Aspose.Words.Document throws FileCorruptedException while loading HTML using C#

Hi, I am facing an issue when converting a document from Html to Word (docx) with Aspose.Words for .Net nuget package version (19.11.0) and seeing this error being logged for hundreds of documents:

Message: The document appears to be corrupted and cannot be loaded.,
InnerException: Specified argument was out of the range of valid values.
Parameter name: distanceFromText,
StackTrace: at Aspose.Words.Document.(Stream , LoadOptions )
at Aspose.Words.Document.(Stream , LoadOptions )

I am using the following code to convert documents:

    var htmlLoadOptions = new HtmlLoadOptions();
    htmlLoadOptions.PreferredControlType = HtmlControlType.StructuredDocumentTag;

    // Setting the Enconding
    htmlLoadOptions.Encoding = Encoding.UTF8;

    // Create a new class implementing IWarningCallback which collect any warnings produced during document save.
    var callback = new HandleDocumentWarnings();

    // We assign the callback to the appropriate save options class.
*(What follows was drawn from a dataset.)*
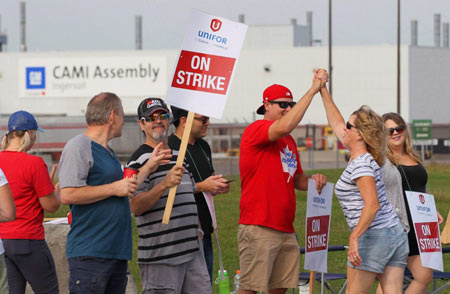 Employees of the GM CAMI assembly factory stand on the picket line in Ingersoll, Ont., on Sept. 18.  (Dave Chidley / THE CANADIAN PRESS)  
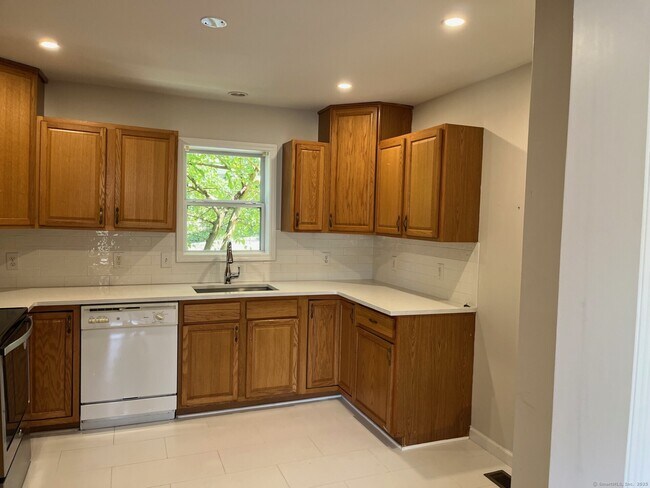 15 Ferris Ave in Norwalk, CT - Building Photo - Building Photo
In this case, we are going to save to Word
    // so we create a HtmlLoadOptions class and assign the callback there.
    htmlLoadOptions.WarningCallback = callback;

    // Load the Html document into memory
    var document = new Document(info.File, htmlLoadOptions);
    
    foreach (Table table in document.GetChildNodes(NodeType.Table, true))
    {
        foreach (Row row in table.Rows)
        {
            row.RowFormat.AllowBreakAcrossPages = false;
        }
    }

    info.File.Close();

    // Convert the document to a different format and save to stream
    var streamResult = new MemoryStream();

    var options = SaveOptions.CreateSaveOptions(SaveFormat.Docx);
    options.TempFolder = WorkingDirectory;
    document.Save(streamResult, options);

I have reason to believe that the HTML files being loaded are not corrupt and it is hard for us to keep track of file validity / correctness when they are hundreds and thousands to convert.

Can you please check if this is a bug in your component or the data?. A sample is attched for your reference.
Thanks in advance.aspose_error_details.zip (89.4 KB)

@zallauddin

We have tested the scenario and have managed to reproduce the same issue at our side. For the sake of correction, we have logged this problem in our issue tracking system as WORDSNET-19888. You will be notified via this forum thread once this issue is resolved.

We apologize for your inconvenience.

Hi @tahir.manzoor,

Any rough idea about the resolution ETA for this particular issue?

@zallauddin

We try our best to deal with every customer request in a timely fashion, we unfortunately cannot guarantee a delivery date to every customer issue. We work on issues on a first come, first served basis. We feel this is the fairest and most appropriate way to satisfy the needs of the majority of our customers.

Currently, your issue is pending for analysis and is in the queue. Once we complete the analysis of your issue, we will then be able to provide you an estimate.

@zallauddin

Please use the latest version of Aspose.Words for .NET 20.3 to avoid the shared exception. Hope this helps you.

The issues you have found earlier (filed as WORDSNET-19888) have been fixed in this Aspose.Words for .NET 20.7 update and this Aspose.Words for Java 20.7 update.